America’s addiction to food has propelled some restaurant stocks to record high prices. Valuations are such that even the slightest misstep and you could be looking at a stock that drops 20% to 30%.
Right now I’m watching three vulnerable restaurant chains that will report earnings this week. All are trading at peak prices and could stumble after earnings reports.
Last Monday, shares of Ruby Tuesday (RT) dropped some 8% after the company confirmed that its chairman had resigned and had sold his stock.
The sector remains strong as consumers continue to flock to casual dining. There’s no letup in sight for Americans’ tight budgets and time constraints, meaning these will remain primary drivers for growth.
The question I would ask is this: how far can these stocks fly?
At some point valuation matters, and for that reason I would be a bit cautious on the space.
Here are big three big restaurant industry names to sell before they report earnings in coming days:
Red Robin Gourmet Burgers
Red Robin (RRGB) reports its earnings results on Tuesday before the market opens. The stock is up over 130% in the last year of trading. Analysts expect the company to grow profits by 18% in 2014. That is a very respectable number.
The question is would you be willing to pay 33 times 2013 estimated earnings for that growth? I sure wouldn’t.
Given the risk of an earnings miss, the risks are tremendous. The stock could drop 30% easily if there is a miss.
Noodles & Co.
I’m a big fan of Noodles & Co. (NDLS). I eat there often with my two young daughters.
That said, how much pasta does the world need? I think many investors compare Noodles to Chipotle. They are not the same. In fact, if the country figures out that we need less pasta and not more, Noodles & Co. could be in big trouble. The company reports earnings on Wednesday after the market closes.
Noodles is a newly minted publicly traded company. Its shares got the obligatory pop when first available on the market, but the stock has traded sideways and drifted lower in the last month of trading. Analysts expect the company to grow profits by 37% in 2014.

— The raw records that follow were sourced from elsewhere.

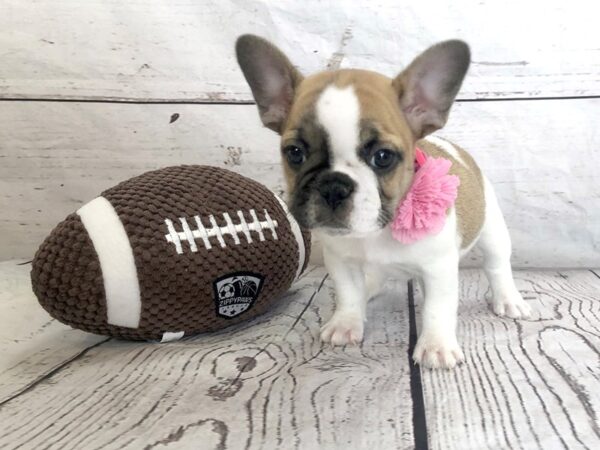 French Bulldog-DOG-Female--1190-Petland Grove City & Columbus, Ohio
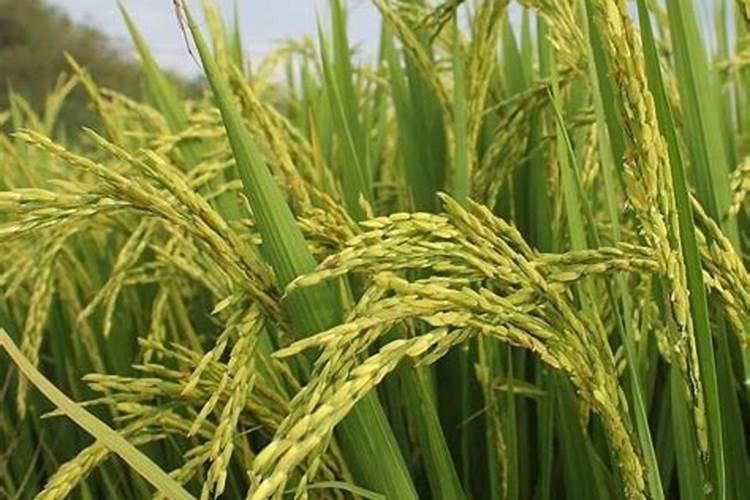 水稻氮磷钾施肥最佳比例每亩用多少？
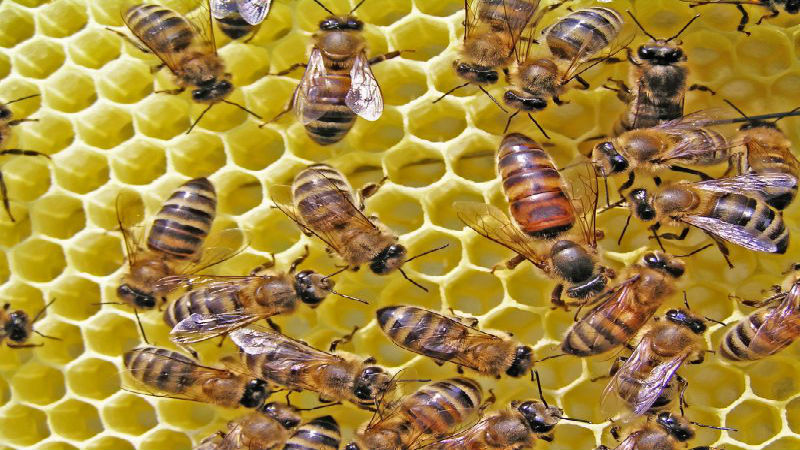 Simple Tips To Avoid A Honey Bee Swarm in Reynoldsburg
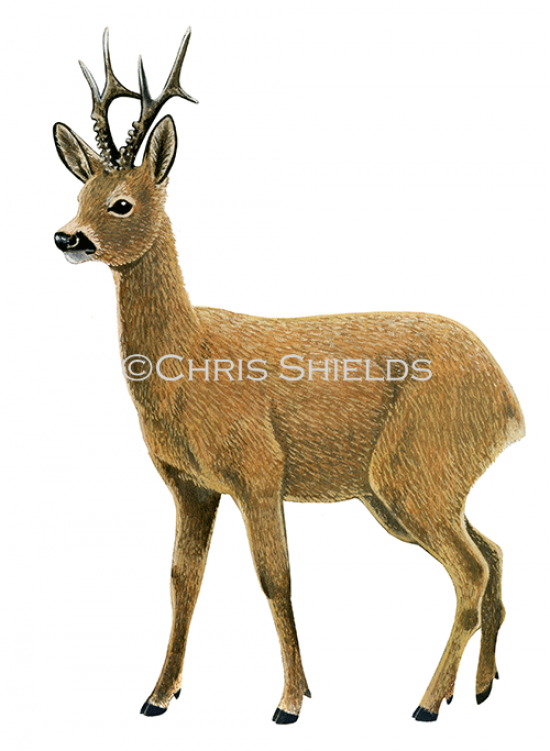 Illustration of Roe Deer (Capreolus capreolus) (#4694)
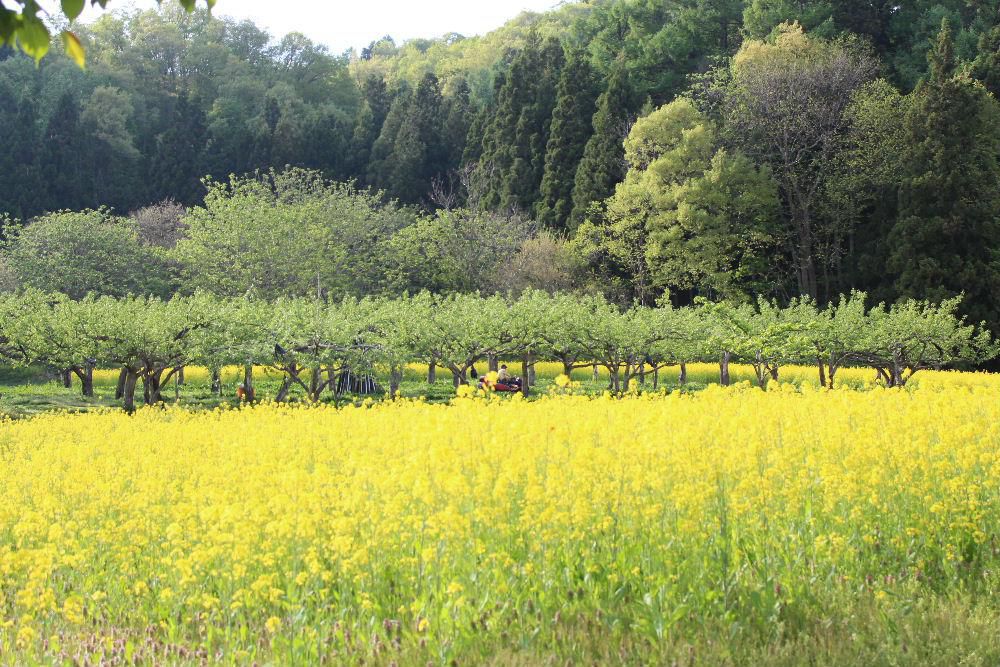 市内金山地区で菜の花とラフランス　山の柔らかな木々の緑とまさにアルカディア（桃源郷）のような風景が広がっていました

That is impressive indeed, but the stock trades for 110 times 2013 estimated earnings. When the company last reported, it beat estimates by the proverbial penny per share. That’s not going to cut it with this sort of valuation. Get out before the earnings are reported.
Shares of Wendy’s (WEN) have soared in the last year. The stock has doubled in value in the last 12 months of trading. The third wheel in the fast food hamburger chain battle is certainly doing well for investors.
How long will the trend continue? At its current lofty valuation there is significant risk here. The company is only expected to make 23 cents per share this year. That’s awfully close to break even or worse. It’s also a low base for growth that might be attractive to aggressive investors that then leave at the first sign of trouble. Analysts expect the company to grow profits next year by 17%, but that’s only to 27 cents per share.
There isn’t much wiggle room here if you ask me. With the stock trading for 38 times 2013 estimated earnings, I would be worried about a sharp correction – or crash diet if you will. Get out before the company releases results as the earnings report is often the time when investors decide to bail.